Yes, the Bush administration is responsible for creating AQI by invading Iraq. Just like the U.S. helped create what would become the Taliban during the Afghan war against the Soviets.
Whether or not you believe we should have ever been in Iraq in the first place, there is a strong argument that history should have taught us better than to leave a mess behind. Without our troops to continue to harass and kill AQI, Iraqi President Nouri al-Maliki was unable to smother the embers.
I am on record as calling for the withdrawal of troops: from Afghanistan to Iraq to Japan. Let other countries be responsible policing themselves, carry out their own revolutions, and only risk lives and treasure in retaliation, not nation building. However, even I must admit that it is better to err on the side of stationing some forces to ensure terrorists can be eliminated rather than suffer greater consequences and casualties later.
But our commander in chief does not agree. He has made promise after promise throughout the Islamic world and kept none. The result is that Mr. Obama is more hated than George W. Bush, and America's reputation has only declined.
Like Mr. Bush, Mr. Obama has excelled in killing and throwing resources at foiling terrorists. And like his predecessor, Mr. Obama has failed miserably in addressing grievances and reducing motivations for potential radicals to join outfits like al Qaeda.
I will give Mr. Obama credit: He learned from Benghazi and made the right decision to close down the U.S. missions. But the failure lies in needing to do so and on such a massive scale.
As long as al Qaeda is focused on the Middle East and North Africa, our "betters" in Washington seem to think we are generally safe, and most Americans seem to agree. But what happens when these very war-hardened and well-funded terrorist turn their eyes back to the U.S. mainland? Another 9/11 is not outside the realm of possibility — in fact, it is likely.

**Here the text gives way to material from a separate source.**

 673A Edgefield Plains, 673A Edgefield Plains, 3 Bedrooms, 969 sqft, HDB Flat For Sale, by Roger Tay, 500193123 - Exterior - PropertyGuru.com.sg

Will Mr. Obama be like Bill Clinton, lamenting that he let al Qaeda grow when he had the chance to continue to step on its throat? Can we trust whoever will be president then to not act like Mr. Bush and overstep their bounds in war and personal liberties?
We can avoid these speculations by finally admitting that the only way the U.S. can stop creating new terrorists is to quit giving them reasons and a target. For too long we conceded the propaganda war in the Middle East to the Soviets and Russians. This accounts for the suspicion many Arabs harbor toward the West and America. But then again, we have done ourselves no favors.
To combat this distrust, we must actually engage the citizens of North Africa and the Middle East. Diplomats should be encouraged to make as many personal connections as possible rather than be constantly confined to the embassy. We also must re-examine our actual policies toward these countries and their people. No amount of communication can overcome bad policy.
When force is needed, it must be precise. Drones are great for limiting our own casualties, but time after time we have seen them hit civilians rather than terrorists. Weddings and birthday parties blown up, falsely marked as insurgent kills, do not engender good will. In this case I do advocate using troops; not a large army division, but rather special operations forces. Eyes on the ground can distinguish harmless citizens from real targets.
If this sounds familiar, it should. It is called smart power. The Washington knitting circles on foreign policy talk about it to no end, but we continually fail to put in practice. Instead we get half-hearted attempts at soft power and heavy-handed thrusts with hard power.
Al Qaeda is on the move again. Rather than deny and obfuscate, the president needs to come clean to the American people about the threat. He then must make it a point to stop making false promises and start using smart power. If he fails us in this, I truly fear something worse than 9/11 is on the horizon.